The U.S. troop presence in Afghanistan has gone from 5,000 in the year after the October 2001 ouster of the Taliban to 37,000 when President Barack Obama came into office in January 2009. He has steadily increased the U.S. presence and today roughly 100,000 U.S. troops are in Afghanistan.

Now, as we come to the latest strategic review, it is abundantly clear that the president and his team have done little to rethink the U.S. military presence in Afghanistan.
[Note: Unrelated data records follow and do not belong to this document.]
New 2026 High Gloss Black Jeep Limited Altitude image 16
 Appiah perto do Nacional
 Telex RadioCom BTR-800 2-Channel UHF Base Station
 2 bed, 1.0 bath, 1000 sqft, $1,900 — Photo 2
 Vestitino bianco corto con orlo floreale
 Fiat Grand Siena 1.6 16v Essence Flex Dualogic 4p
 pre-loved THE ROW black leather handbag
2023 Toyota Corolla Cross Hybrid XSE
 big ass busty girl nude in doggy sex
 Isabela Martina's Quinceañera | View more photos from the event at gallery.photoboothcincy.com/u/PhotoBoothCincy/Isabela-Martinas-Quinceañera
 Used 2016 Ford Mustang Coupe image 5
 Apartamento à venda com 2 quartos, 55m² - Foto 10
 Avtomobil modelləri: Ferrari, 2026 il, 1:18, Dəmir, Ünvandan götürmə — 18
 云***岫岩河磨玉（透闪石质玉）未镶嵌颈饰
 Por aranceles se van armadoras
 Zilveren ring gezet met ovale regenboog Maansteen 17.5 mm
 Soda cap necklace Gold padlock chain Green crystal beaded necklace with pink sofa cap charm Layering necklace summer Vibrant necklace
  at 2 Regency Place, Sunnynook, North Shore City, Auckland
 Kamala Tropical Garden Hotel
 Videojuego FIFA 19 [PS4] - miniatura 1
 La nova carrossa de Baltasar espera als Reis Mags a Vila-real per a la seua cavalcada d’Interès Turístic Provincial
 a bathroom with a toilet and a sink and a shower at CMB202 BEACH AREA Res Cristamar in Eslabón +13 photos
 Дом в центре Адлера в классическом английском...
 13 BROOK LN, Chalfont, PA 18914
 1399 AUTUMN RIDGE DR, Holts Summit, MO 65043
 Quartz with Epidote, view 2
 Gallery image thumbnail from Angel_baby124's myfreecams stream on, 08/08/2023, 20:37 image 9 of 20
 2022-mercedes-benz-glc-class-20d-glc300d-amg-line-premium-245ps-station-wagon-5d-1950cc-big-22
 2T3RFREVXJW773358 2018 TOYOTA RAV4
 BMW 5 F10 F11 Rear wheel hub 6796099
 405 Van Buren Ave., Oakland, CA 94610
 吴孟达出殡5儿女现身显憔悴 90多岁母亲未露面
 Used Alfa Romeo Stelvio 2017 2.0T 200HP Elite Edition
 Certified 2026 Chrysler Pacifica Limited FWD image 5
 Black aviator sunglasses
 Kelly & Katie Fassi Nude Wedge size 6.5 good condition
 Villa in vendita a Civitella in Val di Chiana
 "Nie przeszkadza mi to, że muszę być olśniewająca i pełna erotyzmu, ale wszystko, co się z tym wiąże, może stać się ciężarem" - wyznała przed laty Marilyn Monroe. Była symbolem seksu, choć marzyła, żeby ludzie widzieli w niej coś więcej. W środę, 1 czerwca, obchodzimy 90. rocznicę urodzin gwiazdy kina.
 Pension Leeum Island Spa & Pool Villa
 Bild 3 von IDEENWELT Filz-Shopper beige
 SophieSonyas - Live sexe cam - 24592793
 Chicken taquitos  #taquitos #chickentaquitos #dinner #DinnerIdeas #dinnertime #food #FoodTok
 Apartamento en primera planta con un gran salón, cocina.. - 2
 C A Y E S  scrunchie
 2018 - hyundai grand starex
He plans to start withdrawing troops in July, with pullout by December 2014. More of the same.

His review did say that in 2011 “we will intensify our regional diplomacy to enable a political process to promote peace and stability in Afghanistan.” That’s the right approach, but it is vague and comes almost as an afterthought.

And the untimely death last week of Richard Holbrooke, the U.S. special representative to Afghanistan and Pakistan who was the strongest and most skilled advocate of that approach, makes that essential task all the more daunting.

Holbrooke, who brokered the Dayton accords that ended the Bosnia conflict, understood the vital importance of diplomacy in ending conflicts. As Joel Klein of Time magazine writes, Holbrooke understood that “equilibrium could only be reached in Afghanistan if the Pakistanis and Indians established better relations, and stopped seeing Afghanistan as a strategic prize.”

The rivalry between Pakistan and India is driving much of the instability in Afghanistan and creating a vacuum for al-Qaida and other extremists to exploit.

Work on a regional bargain that includes India and Pakistan is necessary because an indefinite U.S. military presence in Afghanistan is unsustainable and fuels the insurgency, which is fighting not for the Taliban but against the presence of foreign soldiers and a corrupt government in Kabul.

The United States has had, and will continue to have, a strong air and naval presence in the Persian Gulf and Indian Ocean. Those forces are well positioned to attack terrorist camps without being an occupying force on the ground.

Obama continues to promise a phase-down of U.S. troops in Afghanistan, starting in July, a good thing. But he’s got to get a real regional diplomatic strategy moving, too. The current course does not serve U.S. interests in the region or at home.